= Beginning of Section =
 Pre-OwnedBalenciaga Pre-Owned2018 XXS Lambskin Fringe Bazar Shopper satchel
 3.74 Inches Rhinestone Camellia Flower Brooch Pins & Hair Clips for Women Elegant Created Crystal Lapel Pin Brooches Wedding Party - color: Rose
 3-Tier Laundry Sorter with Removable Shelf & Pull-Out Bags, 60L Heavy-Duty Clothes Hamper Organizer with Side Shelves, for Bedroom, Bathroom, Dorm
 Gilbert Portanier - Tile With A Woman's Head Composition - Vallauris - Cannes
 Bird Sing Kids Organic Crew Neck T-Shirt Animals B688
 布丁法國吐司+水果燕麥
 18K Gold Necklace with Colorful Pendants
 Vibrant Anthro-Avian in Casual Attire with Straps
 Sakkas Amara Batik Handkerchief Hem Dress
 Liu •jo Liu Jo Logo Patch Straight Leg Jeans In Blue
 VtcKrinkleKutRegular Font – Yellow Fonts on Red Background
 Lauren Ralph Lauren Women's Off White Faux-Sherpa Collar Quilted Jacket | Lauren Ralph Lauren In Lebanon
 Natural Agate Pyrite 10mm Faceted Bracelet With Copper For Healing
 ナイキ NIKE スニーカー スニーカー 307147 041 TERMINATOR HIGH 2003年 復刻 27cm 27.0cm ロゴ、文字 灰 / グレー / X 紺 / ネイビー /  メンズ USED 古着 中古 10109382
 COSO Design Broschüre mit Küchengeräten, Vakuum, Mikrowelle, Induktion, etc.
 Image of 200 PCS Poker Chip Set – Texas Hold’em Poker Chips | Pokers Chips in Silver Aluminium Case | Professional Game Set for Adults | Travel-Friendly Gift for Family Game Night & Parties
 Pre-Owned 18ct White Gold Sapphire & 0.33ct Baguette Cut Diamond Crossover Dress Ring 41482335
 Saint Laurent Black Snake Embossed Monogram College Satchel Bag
= End of Section =
▸ Activity: Beginning with the first line of the listing above, please write out every line exactly until you reach the line that contains "Image of 200", and include that one too.

▸ Exercise answer:
 Pre-OwnedBalenciaga Pre-Owned2018 XXS Lambskin Fringe Bazar Shopper satchel
 3.74 Inches Rhinestone Camellia Flower Brooch Pins & Hair Clips for Women Elegant Created Crystal Lapel Pin Brooches Wedding Party - color: Rose
 3-Tier Laundry Sorter with Removable Shelf & Pull-Out Bags, 60L Heavy-Duty Clothes Hamper Organizer with Side Shelves, for Bedroom, Bathroom, Dorm
 Gilbert Portanier - Tile With A Woman's Head Composition - Vallauris - Cannes
 Bird Sing Kids Organic Crew Neck T-Shirt Animals B688
 布丁法國吐司+水果燕麥
 18K Gold Necklace with Colorful Pendants
 Vibrant Anthro-Avian in Casual Attire with Straps
 Sakkas Amara Batik Handkerchief Hem Dress
 Liu •jo Liu Jo Logo Patch Straight Leg Jeans In Blue
 VtcKrinkleKutRegular Font – Yellow Fonts on Red Background
 Lauren Ralph Lauren Women's Off White Faux-Sherpa Collar Quilted Jacket | Lauren Ralph Lauren In Lebanon
 Natural Agate Pyrite 10mm Faceted Bracelet With Copper For Healing
 ナイキ NIKE スニーカー スニーカー 307147 041 TERMINATOR HIGH 2003年 復刻 27cm 27.0cm ロゴ、文字 灰 / グレー / X 紺 / ネイビー /  メンズ USED 古着 中古 10109382
 COSO Design Broschüre mit Küchengeräten, Vakuum, Mikrowelle, Induktion, etc.
 Image of 200 PCS Poker Chip Set – Texas Hold’em Poker Chips | Pokers Chips in Silver Aluminium Case | Professional Game Set for Adults | Travel-Friendly Gift for Family Game Night & Parties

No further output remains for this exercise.